Online communications reduced need for phone calls and office visits for many
TUESDAY, Jan. 5, 2016 (HealthDay News) — For patients with chronic conditions, the ability to communicate with their doctor via e-mail may help improve their health, according to a study published online Dec. 21 in the American Journal of Managed Care.
The study included 1,041 patients in northern California diagnosed with conditions such as asthma, coronary artery disease, congestive heart failure, diabetes, or hypertension. The patients had access to an online portal, which let them review their health records, make appointments, refill prescriptions, and send confidential e-mails to their doctor.

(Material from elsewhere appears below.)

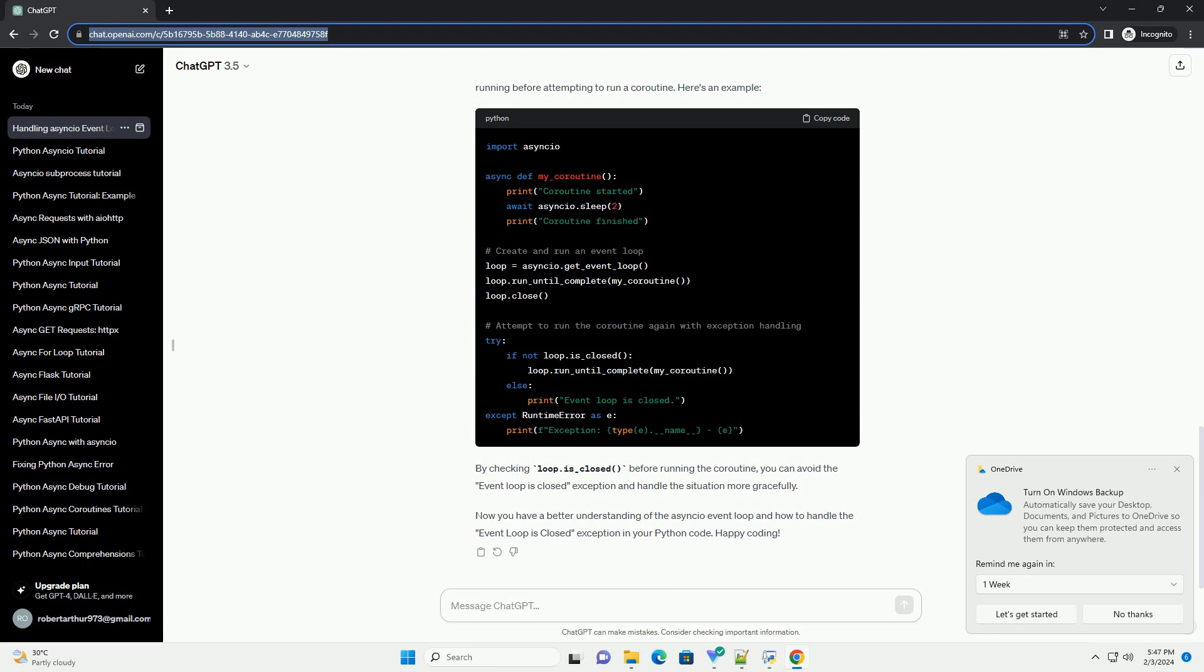This is because once the event loop is closed, it cannot be reused for running new coroutines. To handle this exception gracefully, you can check whether the event loop is still running before attempting to run a coroutine. Here's an example.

A survey found that 56 percent of the patients had sent their doctor an e-mail within the past year, and 46 percent had used e-mail as the primary way to contact their doctor about medical issues. Thirty-two percent of those who exchanged e-mails with their doctor reported improvements in their health. Meanwhile, 67 percent said e-mailing their doctor had no effect on their overall health. For 42 percent of the patients, using e-mail to communicate with their doctor reduced the number of phone calls they made to the office, and 36 percent said they made fewer office visits. Among those who used e-mail to communicate with their doctor, 85 percent had co-pays of $60 or more for each office visit, or high deductibles, compared to 63 percent with lower cost-sharing.
“We found that a large proportion of patients used e-mail as their first method of contacting health care providers across a variety of health-related concerns,” lead author Mary Reed, Dr.P.H., said in a news release from Kaiser Permanente. Reed is a staff scientist with Kaiser Permanente’s research division in Oakland, Calif. “As more patients gain access to online portal tools associated with electronic health records, e-mails between patients and providers may shift the way that health care is delivered and also impact efficiency, quality, and health outcomes,” she added.